I've been oooing and ahhing over your sulcata and great enclosure designs AGAIN. I was admiring the hard work and forethought you guys put into your enclosure and was reminded of a compliment my sister once gave me, and one, that I think will apply to your family 100%. My sister said: "You guys treat your GOLDFISH better than most people treat their CATS & DOGS. You treat your CATS&DOGS better than most people treat their CHILDREN. And you treat your children even better than you treat YOURSELVES." - I can tell this is YOU GUYS through and through!


----------



## lismar79 (Oct 5, 2014)

Prairie Mom said:


> I've been oooing and ahhing over your sulcata and great enclosure designs AGAIN. I was admiring the hard work and forethought you guys put into your enclosure and was reminded of a compliment my sister once gave me, and one, that I think will apply to your family 100%. My sister said: "You guys treat your GOLDFISH better than most people treat their CATS & DOGS. You treat your CATS&DOGS better than most people treat their CHILDREN. And you treat your children even better than you treat YOURSELVES." - I can tell this is YOU GUYS through and through!


Thanks! I really appreciate that


----------



## Jabuticaba (Oct 5, 2014)

Awesome! Great job! 


May
THBs: Darwin & Merlin
Aussies: Dax, Vegas, & Cricket
IG: @AUSSOMEAUSSIES


----------



## Gillian M (Apr 2, 2015)

lismar79 said:


> Topsoil & some "furniture" added. Also planted wheat grass (the little white dots everywhere) I have a grazing mix & broadleaf mix coming but will be starting those in my new green house that will be in the Tort room as well. Currently have a grow room in the basement but I cant keep the heat in there as much as I would like with the door shut & my cats are holy terrors so I cant leave it open... I got this instead.
> http://www.amazon.com/dp/B0057LZ17E/?tag=exoticpetnetw-20
> 
> Coco Core, two new Che's, & a new Solar Raptor unit should all be in in the next couple days!


 Some very nice ideas . Will have to start working on one of them soon. Which one would you suggest for a Greek tort? Appreciate your advice, and thanks your help.


----------



## Gillian M (Apr 2, 2015)

lismar79 said:


> Harper, 11 month old Sulcata
> View attachment 87978
> View attachment 87979
> View attachment 87981
> View attachment 87982


 Wonderful! . Mind you, I don't think that I can afford something of the sort, whether speaking of money or space.

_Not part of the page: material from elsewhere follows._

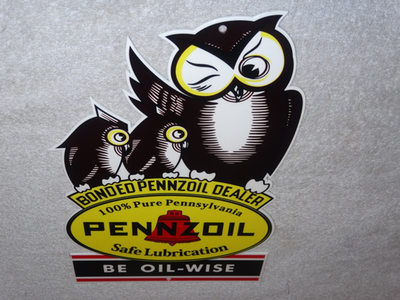 #ad VINTAGE quot;PENNZOIL BE OIL WISEquot; WITH 3 OWL GRAPHICS 12quot; METAL GASOLINE amp; OIL SIGN $109.99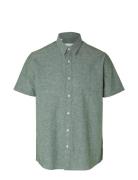 Slhregnew-Linen Shirt Ss Classic Selected Homme Green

It's enormous when taking into consideration relatively small my small flat.


----------



## lismar79 (Apr 3, 2015)

Gillian Moore said:


> Some very nice ideas . Will have to start working on one of them soon. Which one would you suggest for a Greek tort? Appreciate your advice, and thanks your help.



Dirt? I like coco coir, a little goes a long way 
http://www.amazon.com/dp/B001F998AS/?tag=exoticpetnetw-20
Seeds- I like this broadleaf mix, grows fast and is all good stuff for a broadleaf eater
http://www.tortoisesupply.com/TestudoMix


----------



## Moonflwrmama (May 25, 2021)

lismar79 said:


> All done & ready for my new little one. Temps are now ranging from 80 to 105 in the basking area. Still have one or two small cooler spots in the mid 70's. Hide 1 is 85 Hide two is 77.


I want to be a fairy so I can come live here this is amazing I wish I had space for this in my rental? so jealous!! It looks amazing though!


----------